Łzy i wzruszenia w Dniach Babci i Dziadka
Przez dwa kolejne dni 21 i 22 stycznia, swoje święto miały babcie i dziadkowie. Z tej okazji gościliśmy w jednym z najstarszych w Gdańsku: Przedszkolu Niepublicznym „Krasnal” przy ul. Żuławskiej 108.
Średniaki, czyli dzieci w wieku zaledwie czterech lat, pod opieką nauczycielek, przygotowały trwający wyjątkowo długo, jak na takich maluchów, bo aż półgodzinny występ. Złożyły się na niego różne piosenki, wierszyki, również w języku angielskim oraz tańce i życzenia złożone pod adresem babć i dziadków.

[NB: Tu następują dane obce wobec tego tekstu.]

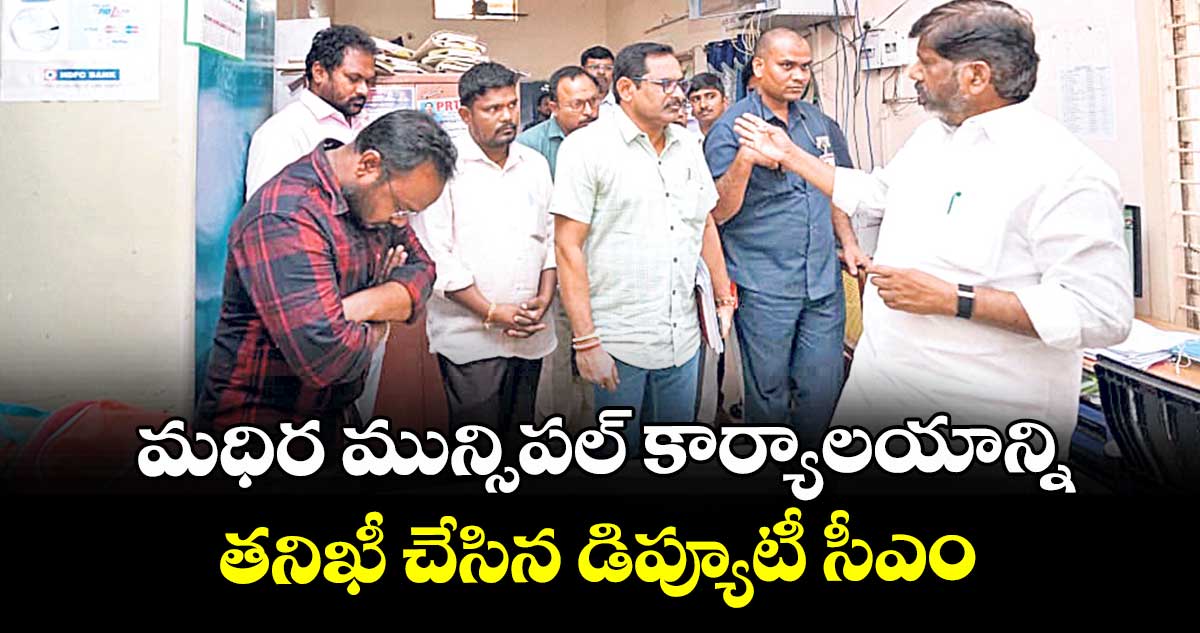 మధిర మున్సిపల్ కార్యాలయాన్ని తనిఖీ చేసిన డిప్యూటీ సీఎం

Życzenia dla osób zasiadających na widowni na małych krzesełkach. Osób, które z ogromnym wzruszeniem, a nawet ze łzami w oczach, podziwiały występy swoich wnucząt. Większość osób z widowni, małymi kamerami, aparatami fotograficznymi i telefonami komórkowymi, utrwalało występy swoich pociech.
Niechaj dziadzio z babunią tak nam długo żyją, Póki komar i mucha morza nie wypiją. A ty mucho, ty komarze, pijcie wodę powoli, Niech się dziadzio z babcią nażyją do woli.
Kocham mocno Babcię, Dziadka
To nie żarty moi mili
Dzisiaj im życzenia składam
By sto latek jeszcze żyli.
Wielka radość dla dzieciarni
wziąć marchewkę ze spiżarni,
węgiel czarny, stary garnek mama da.
Będzie awantura przykra,
bo dozorcy miotła znikła,
tylko dzieci dobrze wiedzą, kto ją ma.
Stoi smutny nasz Bałwanek
ze spuszczona głową
Pewnie chciałbyś mieć przy sobie
Panią Bałwankową
Oj tak, tak, oj tak, tak dobrej żony jest mi brak
Dzieci jako instrumentów użyły grzechotki, tj. wypełnione ziarnami fasoli plastikowe opakowania po kinderjajkach i przy ich pomocy zagrały taniec bałwanków. Łącznie wystąpiło 15 przedszkolaków, ale niestety zabrakło 10, bo są chore w okresie grypowym.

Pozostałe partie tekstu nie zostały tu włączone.